I got in touch with a friend who recommended I work for her boss. So I was offered the chance to work for her immediately. Unfortunately the shifts were non-stop, requiring me to do the following jobs:
7:30am – 8:30am
8:30am – 9:30am
9:30am – 10:30am
10:30am – 11:30am
11:30am-12:30pm
12:30pm-1:30pm
7:30pm-8:30pm
8:30pm-9:30pm
9:30pm-10:30pm
I did not sleep very well or eat very much because I was out most of the time; my weight plummeted from 50kg to 43kg. I made a lot of errors, was not told about certain things that had happened or things that I should have done and I resigned before my boss had a chance to sack me on the spot. I was in the job 6 weeks.
On my last shift I handed back to my boss everything she provided me with – uniform, supplies etc. I thanked her for the opportunity only to be interrupted by her and I was told I am my own worst enemy and she went through every single negative thing about me that she could think of. Her negative assessment of me went on for about 2 minutes or so before she threatened – twice – to report me and then wished me luck for the future. I said thank you again only for her to slam her car door and disappear down the road.
I went back to the employer I left – I had no money and I knew that I did well despite the shifts being sporadic – and they happily took me on, only for the other boss to find out and send to them a bad reference about me, resulting in them to sack me on the spot.
So the way things stand for me at the moment are a lot better – I qualified with a vocational qualification funded by Jobseeker's Allowance (dole office) and I have been working on an agency contract in my current job for over a year – the contract was only meant to have been for 3 months. My confidence has really gone up and I have been looking better since I have been able to afford better food, better health support through supplements etc. I am the heaviest weight I have ever been, 56.9kg and it definitely shows since my husband says how much more filled out I look. I have also gained a lot of friends.

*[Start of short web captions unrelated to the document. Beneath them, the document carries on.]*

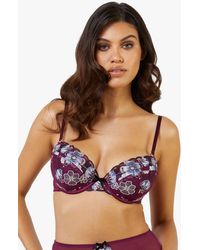 Playful Promises - Joanna Burgundy Gold Embroidery Padded Plunge Bra - Lyst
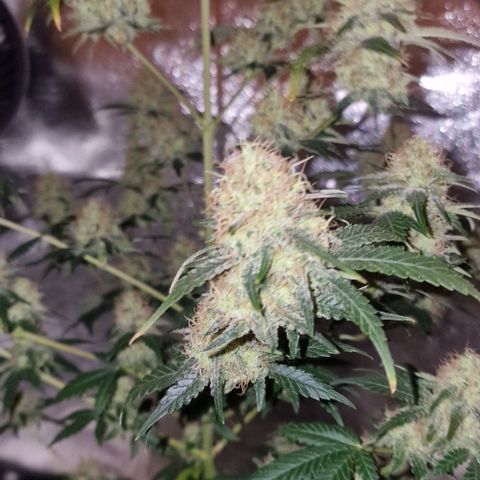 Sweet Seeds - Green Poison growlog timeline photo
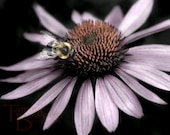Bee on Coneflower - Original Photograph 8x10 - Lavender Lilac Bellflower Purple Black Minimal Garden Flower Close Up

But what the second manager said still affects me. It has become a trigger in that whatever mistake I make I still feel the same negative emotions back then, 2 years ago, flood back. I am not only hurt by the things she said, but also angry and want to get her back for the way she made me feel. She said things like I didn't look the sort to have the illness I have, that I was making the illness up, that the diagnosis was wrong, and that one of the clients called me names and she readily told me the names she called me.
I just feel like I am going crazy but I guess this also makes me feel lonely and isolated and so that's why I'm here. I don't know if I will need medication or not to help me feel better as I was given fluoxetine after I was sacked due to the doctor saying because I sounded and looked low I probably had depression.
I also have built up a distrust towards new people. Not the people I have been working with as they have been really welcoming; but a new person recently joined a team we work closely with and I find her personality to clash with my much quieter one. Personality wise she is almost the same as the manager who sent the bad reference about me. This has made me reluctant to speak with her and I am the only one who hasn't said a word to her as of yet. I like to make friends and I feel like I have an emotional block to communicate with her. :cry:
Thanks for reading, sorry for long post.